Goldberg continues: “On a typical morning, this is how assignment editors and producers at network news divisions begin their day. Step one: They open up the New York Times. Step two: They scan the paper for stories to put on their nightly newscasts. Step three: They get one of their high-priced reporters (who is in his or her own office also reading the New York Times) on the phone – a reporter who may not have come up with even one original story idea in his entire network career (I mean that literally) – and then tell him or her to go out and do the New York Times story. Step four: He or she does, and that evening a video version of the Times story is on the air.”

Goldberg laments, “The sad fact is that the networks that shamelessly crib from the Times aren’t even embarrassed about doing it. After all, a lot of other media are doing the same thing; such is the reach and influence of the mighty New York Times. And if you steal from the Times – and this is no small point – no one can ever give you grief about getting something wrong. It was, after all, in the New York Times.” [p.62]

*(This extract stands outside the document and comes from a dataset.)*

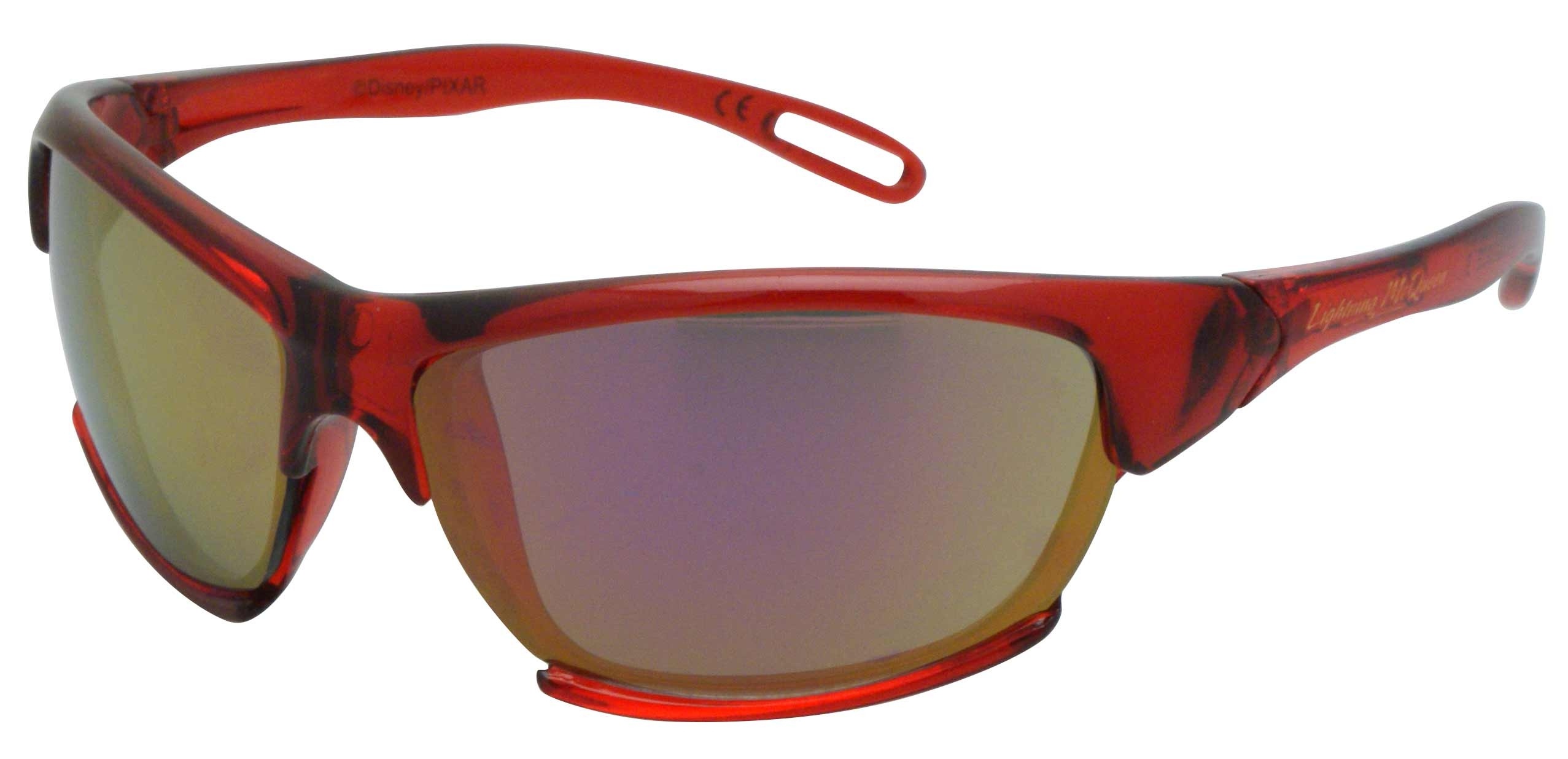 Lunettes Sogema2.jpg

Goldberg reverts back to his observations concerning the newspaper of record’s earlier days of journalistic excellence so deserving of its role as news media gatekeeper. He also points out its bias: “Now, let’s be fair – until very late in the twentieth century very few people had any problem with the Times [sic] role as arbiter of what mattered, because it was understood that the paper’s reputation for excellence was merited. Of course it was liberal, but mostly it was sober and responsible, if sometimes a bit stodgy and boring. It didn’t get that nickname ‘the Old Gray Lady’ for nothing.

Back then the Times tried to cover the news straight, in a just-the-facts sort of way. Though even then it made some whopping mistakes – its chief correspondent to Moscow in the 1930s, Walter Duranty, turned out to be the media’s number one apologist for Stalin, if not a Soviet agent – as a matter of policy it at least sought to be fair. This was the Times of journalistic giants like Walter Lippmann and James Reston, and the rest of the media had good reason to look to it as an inspiration and an example. That was then; this is now.”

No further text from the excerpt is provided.